Doctoral Thesis Defense of Aurora Cobo Aguilera

  • Title: “Probabilistic Models and Natural Language Processing in Health”
  • Advisor: Antonio Artés Rodríguez.
ABSTRACT
We are living the Artificial Intelligence (AI) era. Whatever we want, we are surrounded by technology, computers, intelligent devices, and incredible machines able to perform more and more complex activities from our daily routine, from a writing predictor to a face recognition unblocking. The scope of AI is unlimited, and its key tool is known as ‘data’. Data can be anything. It can be a number, a category, a sentence, an image, a voice message… You are producing data constantly and you are not even aware of that. Then, AI takes all of this data and build models to learn from it. This is called ‘Machine Learning’. Machine Learning is in permanent growth. Now, we are not able to look at every paper that is published in the field. And the more we advance in computer abilities, the bigger and more powerful the models are. We find huge architectures with millions of parameters and amazing results. So, if we do have such a strong tool, why do not use it to solve the main concerns that globally affect to people?
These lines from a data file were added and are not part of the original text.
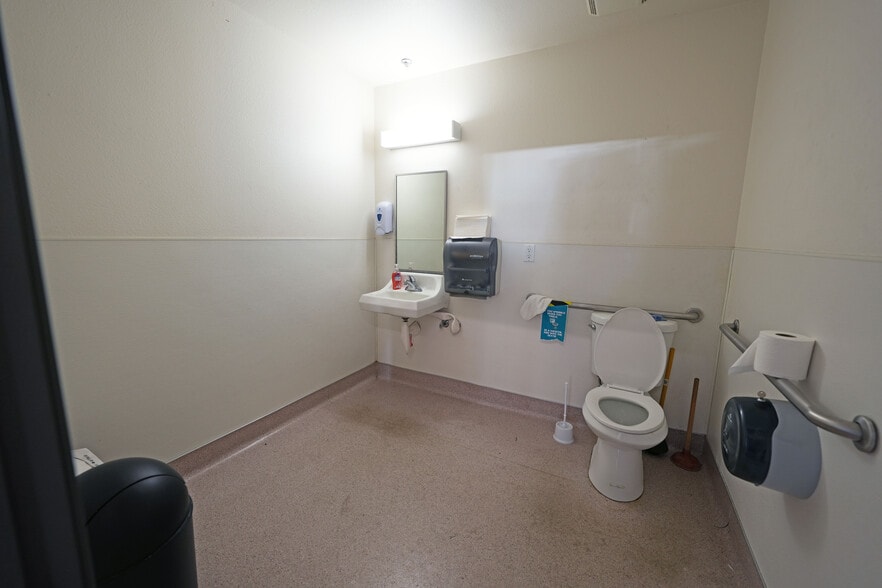 More Photos Of 974 Griffin St, Grover Beach Warehouse For Lease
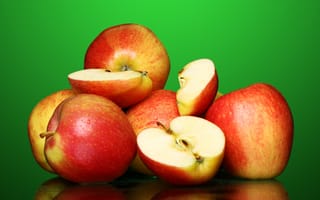 Картинка Спелые вкусные красные яблоки на зеленом фоне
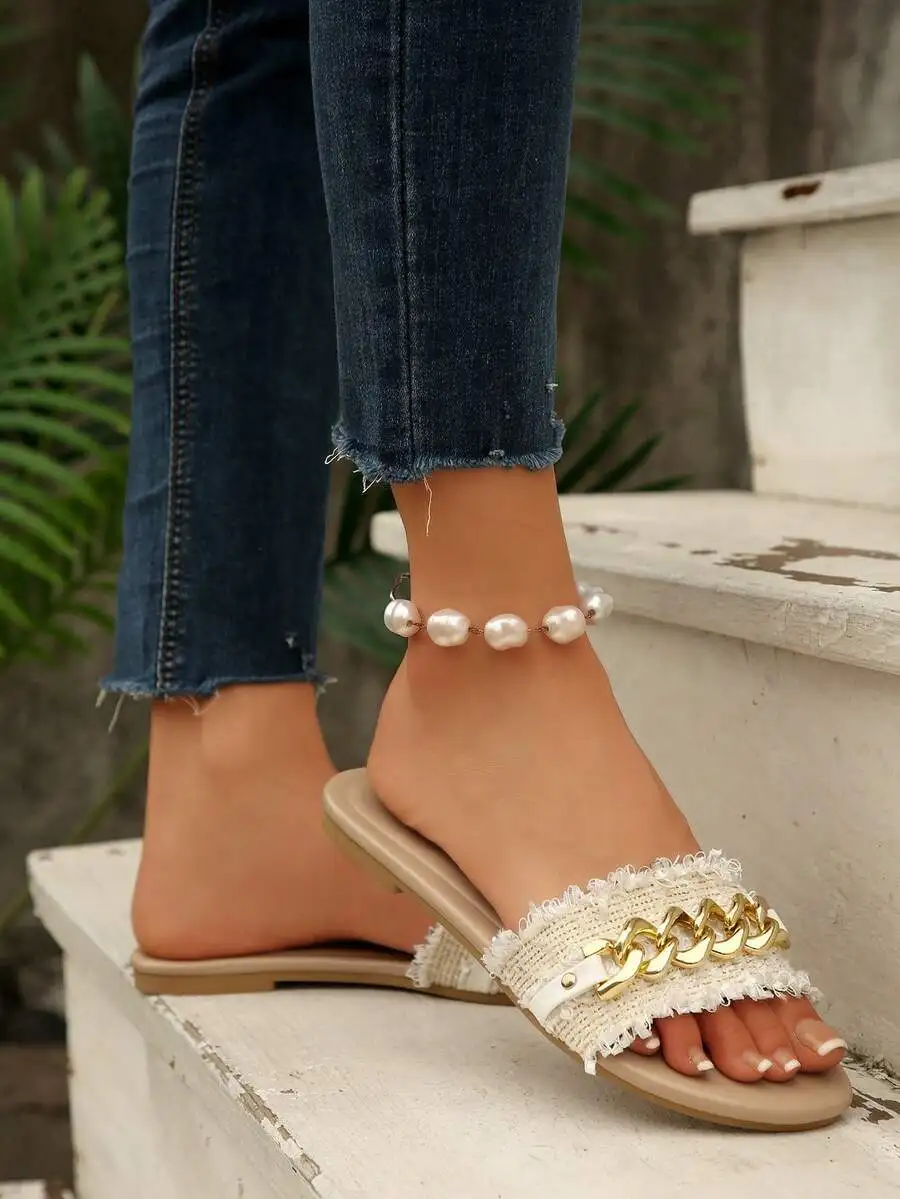 Hochwertige Damen-Sommerpantoffeln mit leichtem Tragegefühl, atmungsaktiv, geeignet für den Innen- und Außenbereich, Ein-Riemen-Design mit Kette am Oberteil, stilvoll und vielseitig, perfekt für Reisen und den Strand – Detail 10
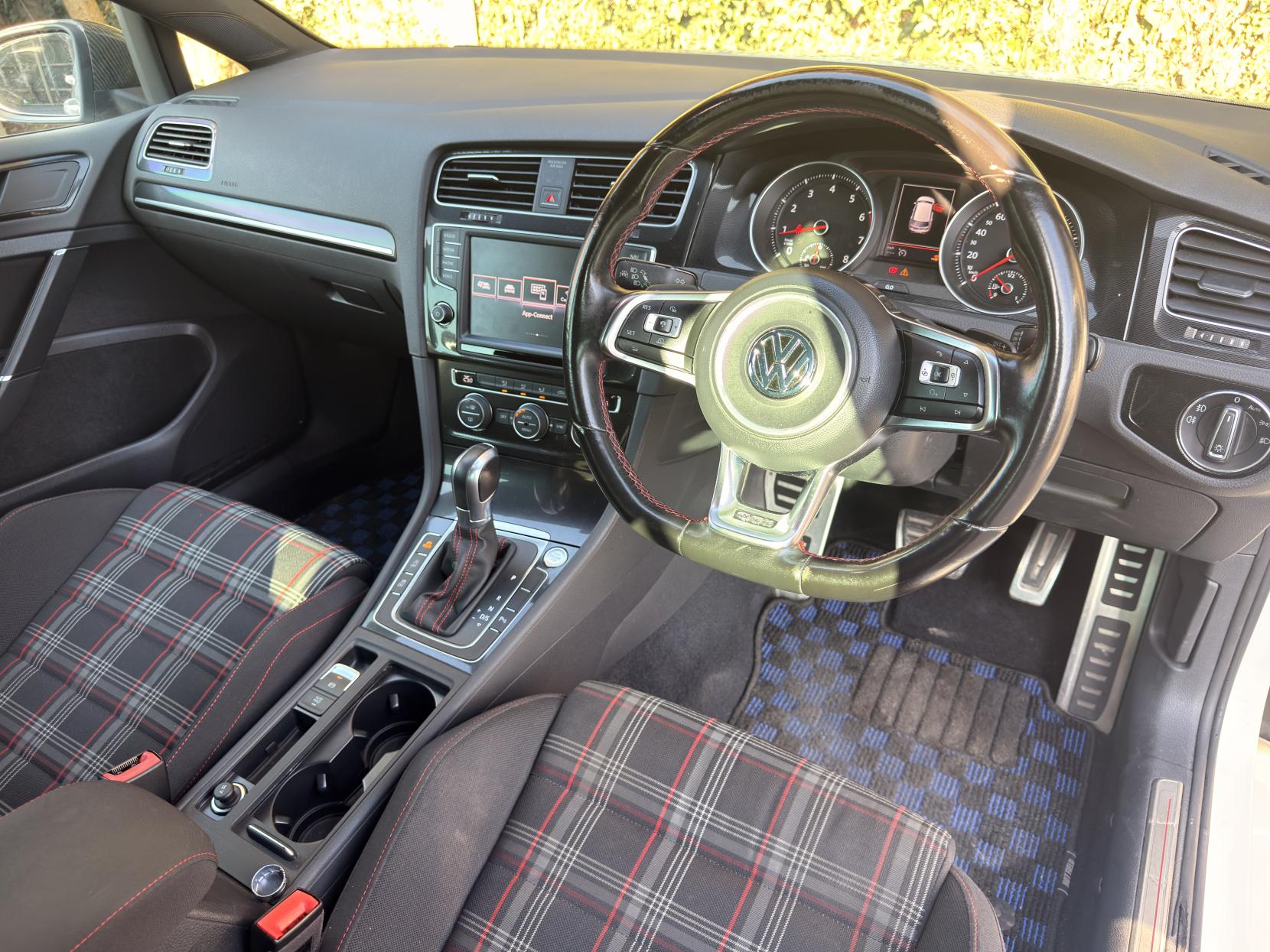 Volkswagen Golf 2.0 TSI BlueMotion Tech GTI Hatchback 5dr Petrol DSG Euro 6 (s/s) (230 ps)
Over 800,000 people take their own lives every year worldwide, and approximately 20 times more people attempt suicide. Sleep disturbances, depression, stress… It is impossible you are not familiar to any of these states. Specially, stress is considered the 21st-century’s illness and all these symptoms are related and provoked by the frenetic lifestyle we face now. Mental health has become one of the cornerstones of today’s world. And AI could be used as a practical tool to collect data, extract information, and find solutions that help to improve this landscape.
This thesis brings the chance to study in more detail some of these solutions. If we recover the concept of data, in medicine, Electronic Health Records (EHR) are the main database. Massive use of smartphones and e-health questionnaires have become the perfect complement to EHR to improve the availability of medical information. In this thesis we take advantage of these resources to deal problems such as the diagnosis or the study of behavior profiles in psychiatry patients. In this field, disorders are usually misdiagnosed, require long periods of observation or directly we find missing information regarding the diagnosis of the patients. We present a model based on Transformers, a Machine Learning model from Natural Language Processing (NLP), capable of imputing the missing information in a EHR as well as detecting potential candidates of delusional disorder, a pathology with very low prevalence and difficult to be diagnosed. At the same time, we offer a direct application of a probabilistic model based in a non-parametric matrix factorization (SPFM) to extract information about behavior patterns in e-health questionnaries and find connections between disorders.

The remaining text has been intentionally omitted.